The advanced, front-line aviation complex PAF FA (the T-50) is completing its compulsory test phases successfully. The fifth-generation fighter is expected to enter service with the military in 2017. Meanwhile, however, front-line units are already being equipped with an almost exact counterpart to this aircraft — the Su-35S multi-role fighter.
Along with creating the virtual fifth-generation fighter concept—from the very beginning it has been designed solely in digital form — the ready-made components of the future fighter were implemented and developed on the Su-35S platform.
As a result, the 4++ generation Su-35S was practically on par with the fifth-generation fighter across all characteristics (except stealth technology), right up to the moment it entered series production.
The Su-35S is capable of reaching speeds of up 1,490 miles per hour and has a range of up to 2,235 miles. It is equally reliable as a fighter, a long-range interceptor and a missile-carrying bomber.
Moreover, in terms of certain characteristics, the Su-35S has already overtaken the only fifth-generation fighter to enter service to date — the American F-22 Raptor.
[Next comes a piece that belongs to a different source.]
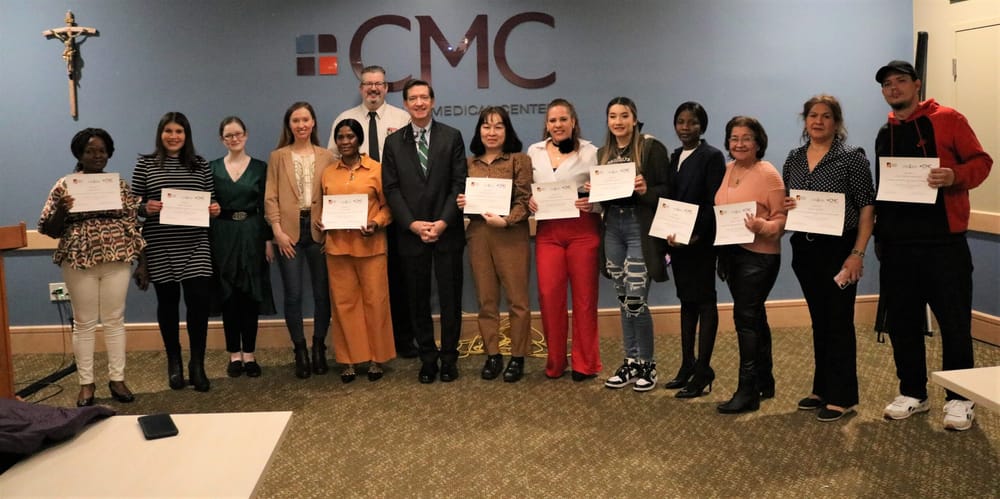 First graduates emerge from Catholic Medical Center’s ESOL workforce development program post image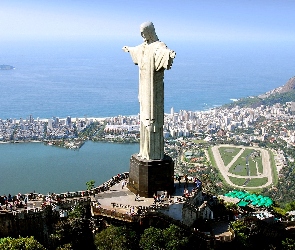Brazylia, Rio De Janeiro, Góra Corcovado, Pomnik Jezusa Chrystusa, Szczyt, Posąg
Thus, the Irbis radar-control system fitted to the Su-35S is able to detect an airborne target at a record distance of up to 250 miles and of tracking up to 30 targets and engaging 8 simultaneously.
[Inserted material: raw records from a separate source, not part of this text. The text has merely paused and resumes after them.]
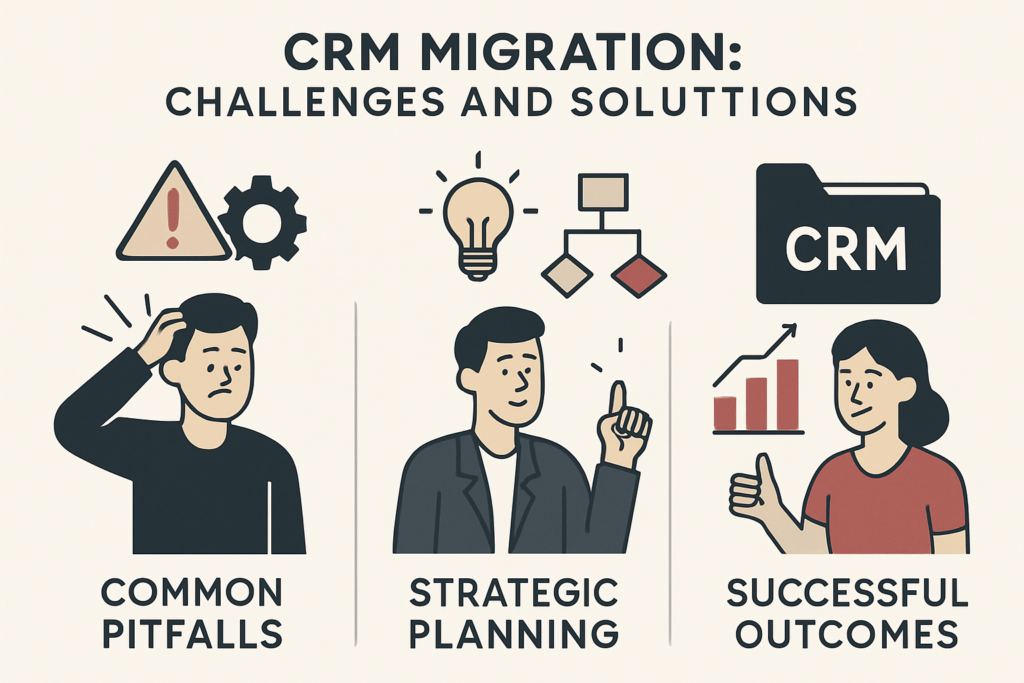 Warum CRM-Migrationen oft scheitern und wie man es vermeidet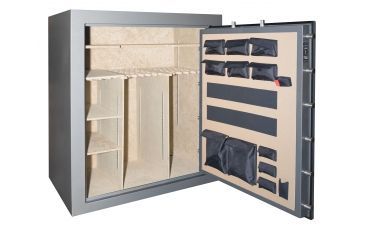 Image of Cannon Safe Armory Safe 100 Gun, Hammertone Gray, 100 gun A100-H2FDC-15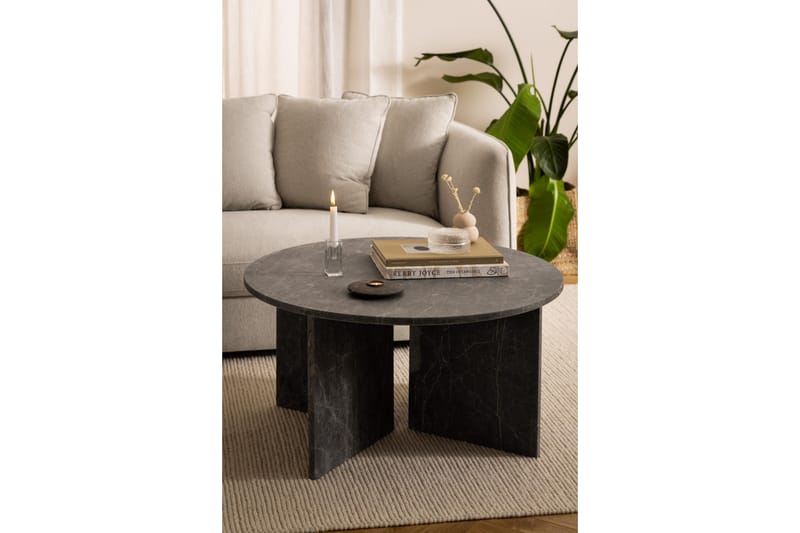 Alruba Sofabord 90 cm - Brun - Møbler - Bord - Sofabord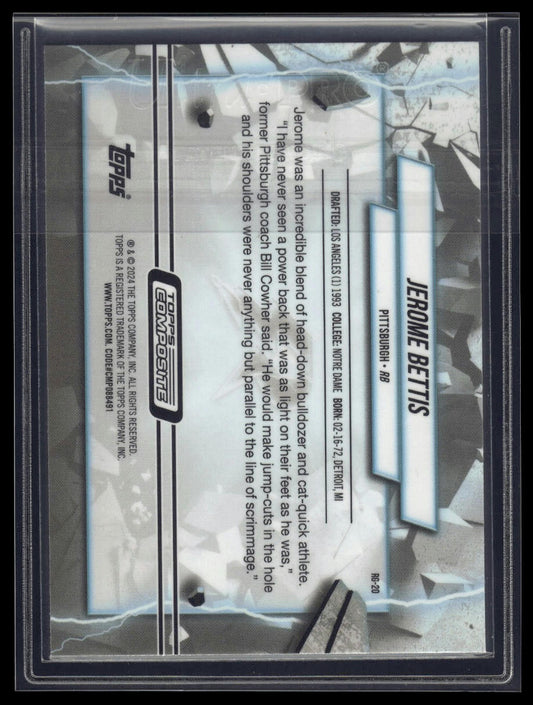 2023 Topps Composite #RG-20 Jerome Bettis Resurgence Grounded Gold #/50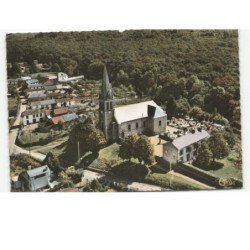 ORLEIX: quartier de l'église vue aérienne 10x15 - très bon état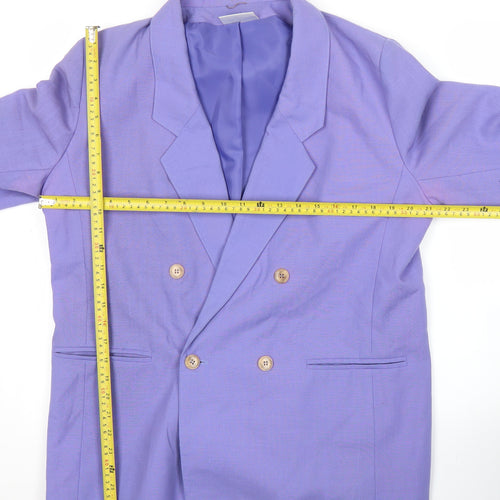 Features Women Purple Size 16 Double-Breasted Blazer Jacket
The radar system on the F-22 is weaker: The maximum detection range is only 185 miles.
In addition to this, the Irbis provides the potential to actively detect and track up to four ground targets simultaneously. The Su-35S is also fitted with a navigation system capable of pinpointing the aircraft’s location and its movement parameters autonomously, without resorting to satellite navigation or communication with ground stations.
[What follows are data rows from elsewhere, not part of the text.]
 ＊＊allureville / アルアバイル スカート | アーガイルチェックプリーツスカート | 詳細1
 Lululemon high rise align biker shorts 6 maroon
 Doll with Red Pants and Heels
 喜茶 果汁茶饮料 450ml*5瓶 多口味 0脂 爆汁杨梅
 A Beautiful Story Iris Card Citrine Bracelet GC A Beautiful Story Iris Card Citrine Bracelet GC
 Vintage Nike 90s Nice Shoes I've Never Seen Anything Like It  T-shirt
That is to say, if the GPS or GLONASS were switched off, the aircraft would not be “blinded.”
The Russian air force is due to receive 48 Su-35S aircraft before the end of 2015. In practical terms, this is 50 fifth-generation aircraft, as the Su35S is almost identical to the PAK FA in terms of the onboard electronics suite, control systems and armament.
Therefore, it will not prove difficult for pilots to convert to the classic fifth-generation fighter and its obligatory stealth technology: Any pilot who has adapted to the Su-35S can easily convert to the T-50. This means that the conversion to fifth-generation fighters does not start in 2017 — it is already happening now, in the Russian air force.
The ideology of the aircraft that will dominate the skies in the second half of the 21st century is being determined today. Whether these will be flying robots or classic, manned fighters with even more up-to-date electronics and new armament is not really important.
The main thing is that the Russian aircraft industry has a head start in developing a sixth-generation fighter. The quicker the Su-35S enters service with front-line units and the greater their numbers, the more successful work to create a new generation of fighter aircraft will be.